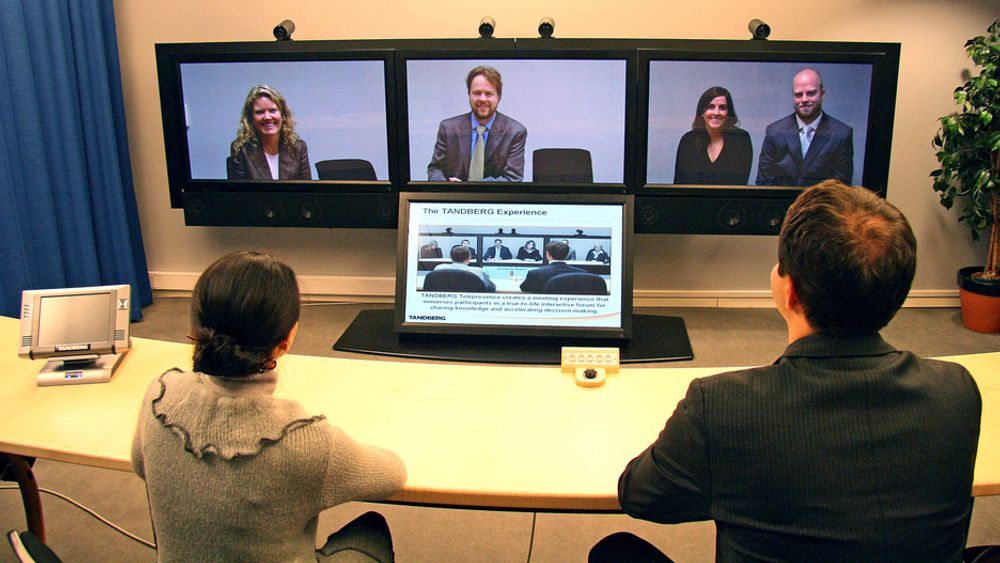 FJERNMØTE:
Tandbergs nye høyoppløselige videokonferansesystem gir møteromsopplevelse over kontinentene.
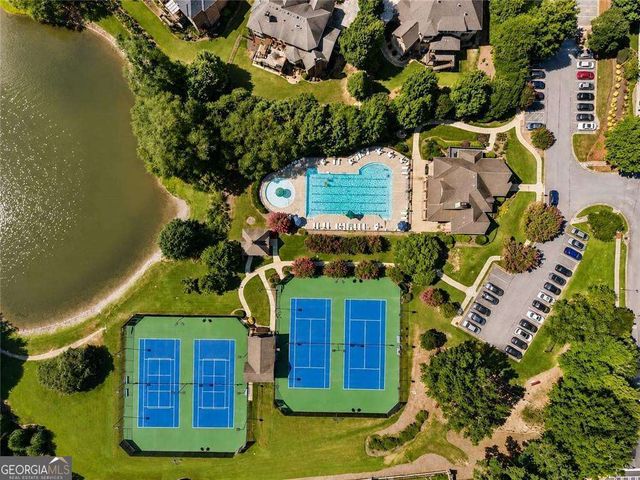 1020 Cranbrook Glen Lane, Snellville, GA 30078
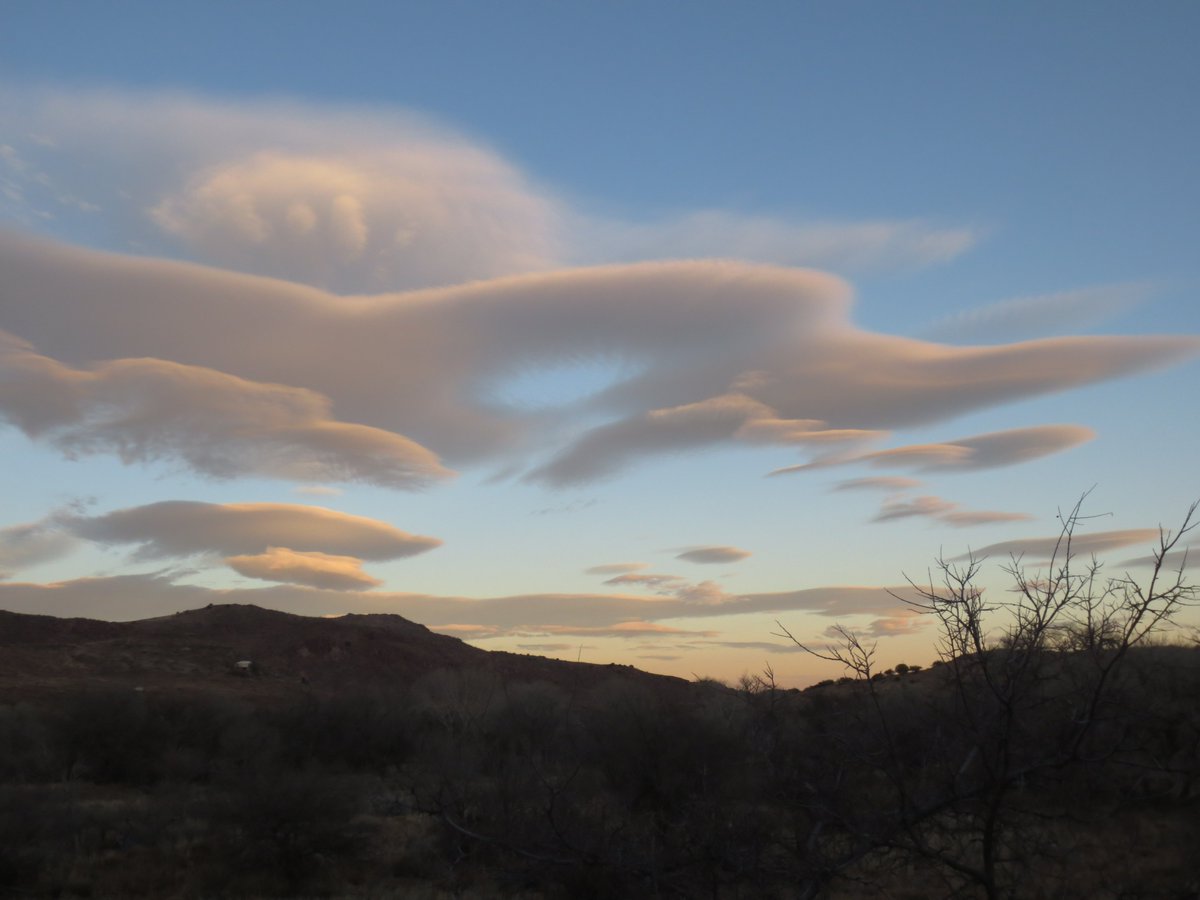 RussBowen1's tweet photo. Beautiful lenticular display east of Hillsboro this evening! @NWSElPaso https://t.co/ZMzsmzdnDK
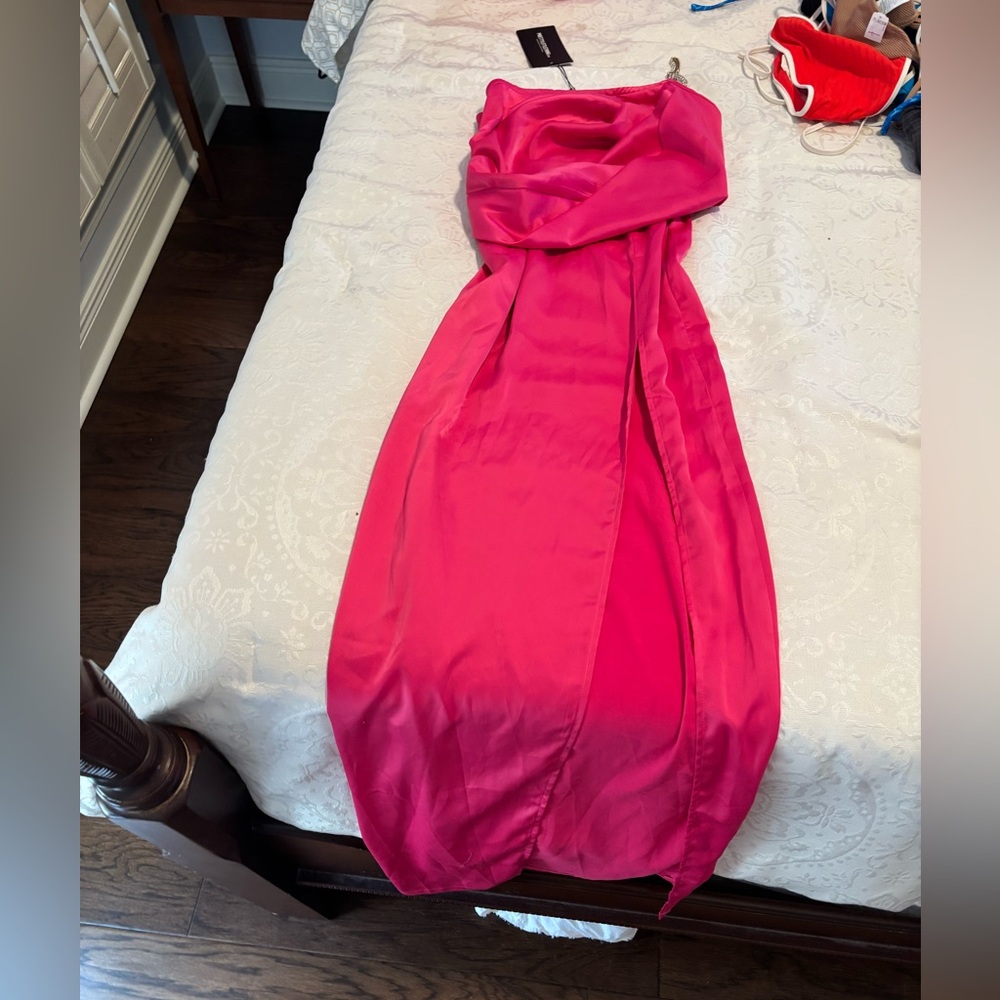 PrettyLittleThing Hot Pink Strapless Dress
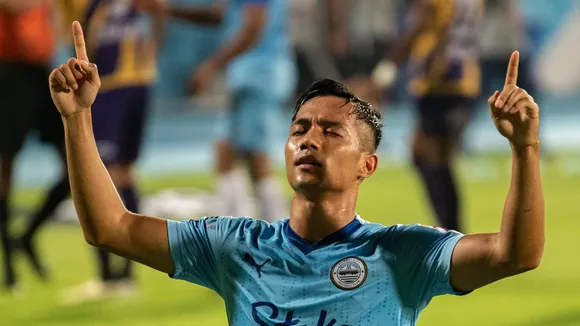 Indian Football Awards: Lallianzuala Chhangte was named the AIFF Best Men’s Player of the Year -sportzpoint.com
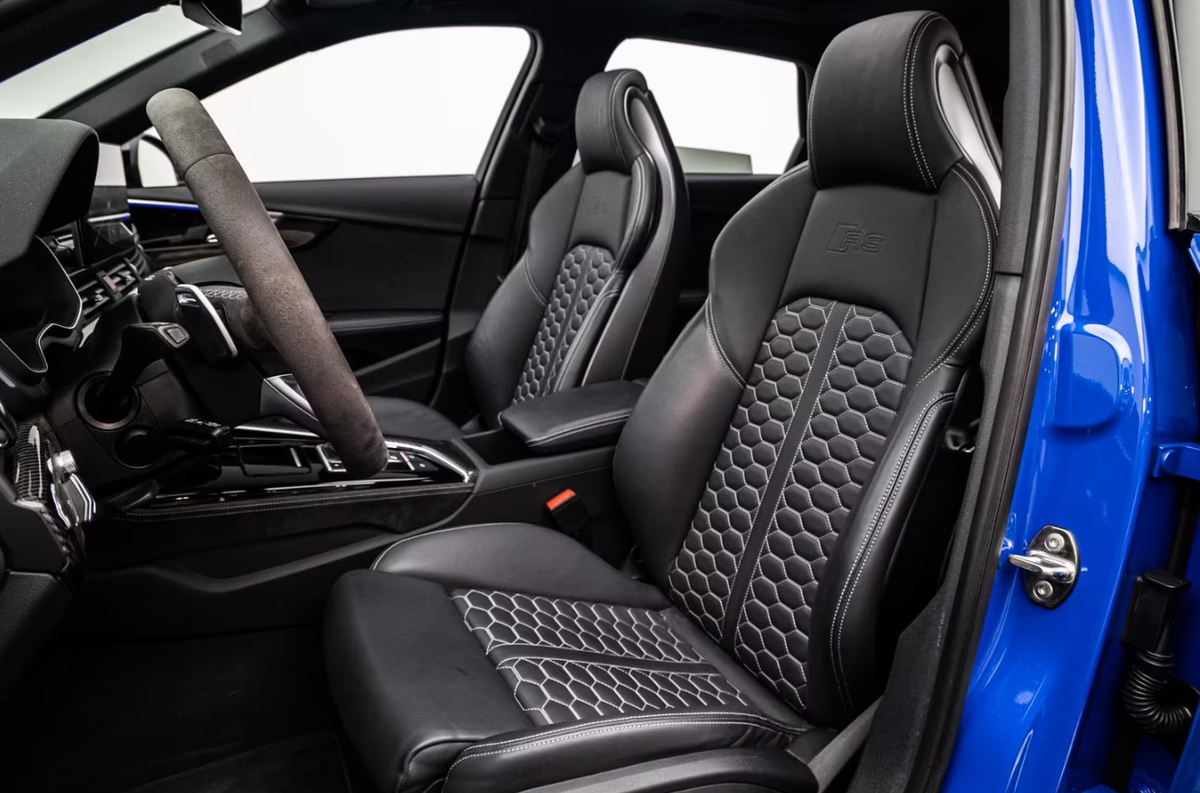 Audi RS4 Avant V 2.9 V6 TFSI 450ch quattro tiptronic 8 Bleu Nogaro Bang&Olufsen Toit ouvrant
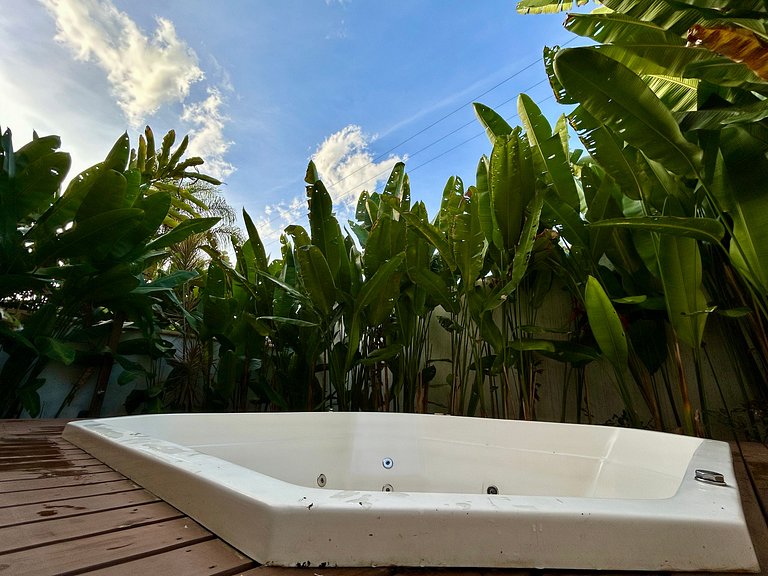 Casa em condomínio, localização incrível!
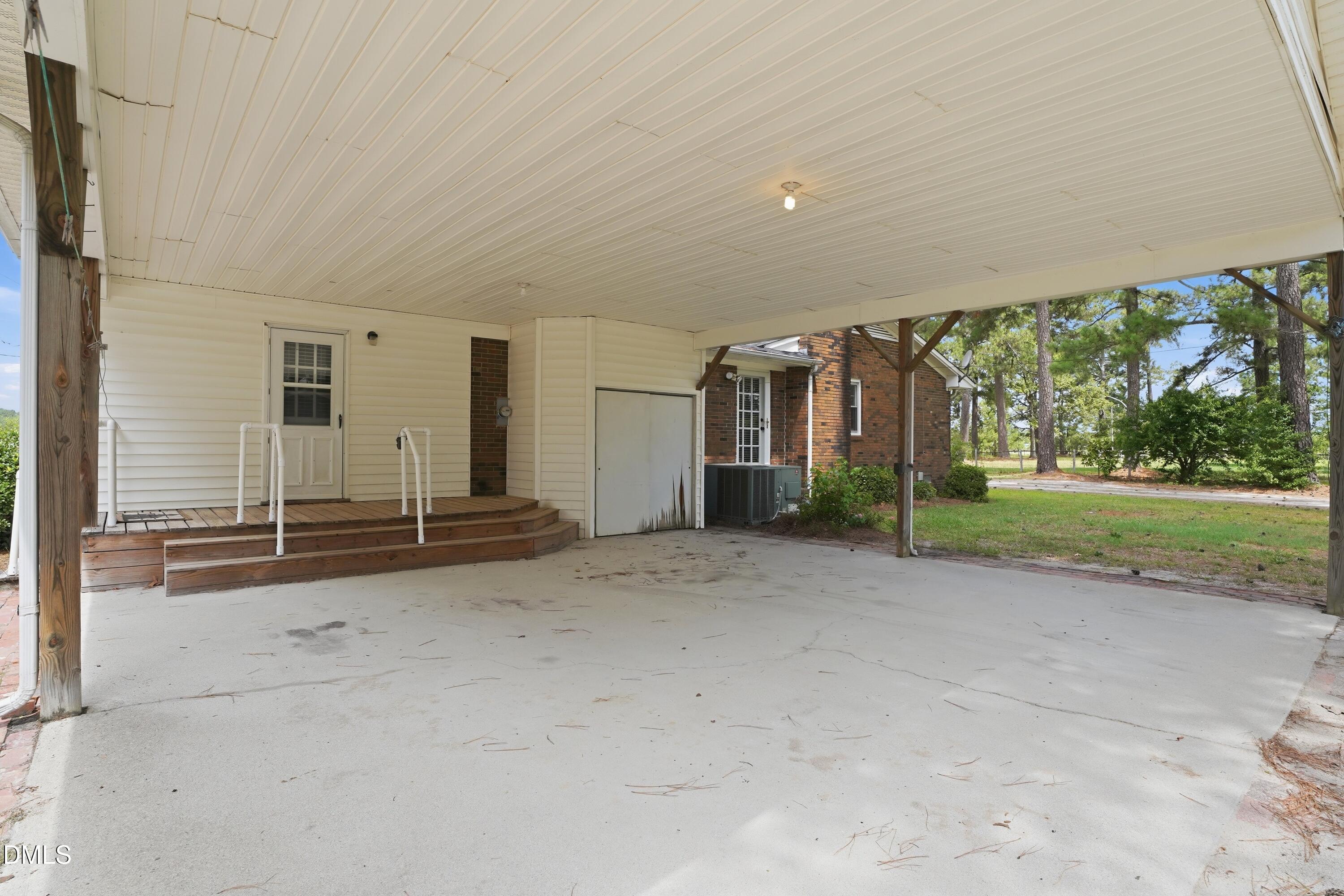6359 Flowers Road Wilson, NC 27893 - Photo 8 of 54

--------------------------------

_Aim of the task_:
Copy out exactly the lines that begin at the line with "Tandbergs nye høyoppløselige" and end at the final line of the entries above. Leave out the pictures.

_Result below_:
Tandbergs nye høyoppløselige videokonferansesystem gir møteromsopplevelse over kontinentene.
 1020 Cranbrook Glen Lane, Snellville, GA 30078
 RussBowen1's tweet photo. Beautiful lenticular display east of Hillsboro this evening! @NWSElPaso https://t.co/ZMzsmzdnDK
 PrettyLittleThing Hot Pink Strapless Dress
 Indian Football Awards: Lallianzuala Chhangte was named the AIFF Best Men’s Player of the Year -sportzpoint.com
 Audi RS4 Avant V 2.9 V6 TFSI 450ch quattro tiptronic 8 Bleu Nogaro Bang&Olufsen Toit ouvrant
 Casa em condomínio, localização incrível!
6359 Flowers Road Wilson, NC 27893 - Photo 8 of 54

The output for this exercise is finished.